If you’re starting to suspect that life would be a lot easier, less expensive and more environmentally friendly if you didn’t own a car, you’re not alone. In the past several years, more and more people, especially those living in larger cities, are opting for public transportation and car sharing – a great choice for both the pocketbook and the environment.
According to market research firm projections, membership in car sharing programs is expected to grow to between 12 million and 26 million members by 2020 (in 2013, there were about 2.3 million car-sharers). Zipcar and other car sharing services, where cars are either borrowed from a dealership on an hourly or daily basis, as needed, or shared between individuals, are growing in popularity all over the Western world.
A number of surveys, including those by the US Public Interest Research Groups (PIRG), state that the shift towards car sharing and alternate modes of transportation is being led by millennials, individuals born after 1981. Many people of this age group are opting to live in the city, where personally owning a car is not as necessary as in rural areas.
One benefit of car sharing is a huge savings (sometimes several hundred dollars per month) in expenses, on insurance, gas and auto maintenance fees. Emily LeClair, a Chicago resident and peer-to-peer car sharing user, says, “I think people are realizing that their car is something they can make money off of. People are realizing I don’t need to have one 365 days a year. I can just get one when I need one.”
Car sharing is also significantly beneficial to the environment. Less cars on the road means less gas emissions to wreak havoc on our already-endangered ozone layer.
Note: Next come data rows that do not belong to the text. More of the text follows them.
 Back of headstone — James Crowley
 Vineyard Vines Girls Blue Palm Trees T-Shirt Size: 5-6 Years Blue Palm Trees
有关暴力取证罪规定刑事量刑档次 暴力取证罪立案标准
Indirectly, if less tax dollars are needed to expand roadways and build large parking structures, the money saved can go toward improving public transportation and green spaces, for those who prefer to walk and/or enjoy biking.
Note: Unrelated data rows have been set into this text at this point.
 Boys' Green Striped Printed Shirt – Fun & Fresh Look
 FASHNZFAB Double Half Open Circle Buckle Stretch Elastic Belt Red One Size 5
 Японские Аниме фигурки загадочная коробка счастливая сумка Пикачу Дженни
If less people are buying cars, it may mean trouble for auto manufacturers. However, according to Susan Shaheen, a transportation researcher at UC Berkeley, these companies have another option to get with the growing trend instead of railing against it. Shaheen says, “many automakers are now looking at mobility services as a new market opportunity in which they touch the daily lives of their customers by providing a variety of vehicles in different settings to meet their mobility needs.”
If you’re debating whether or not to buy a new vehicle – or keep your existing one – take a good look at the car sharing and public transportation options in your neighborhood. You may find you can save yourself a lot of headaches without a personal car – not to mention the perks for planet Earth.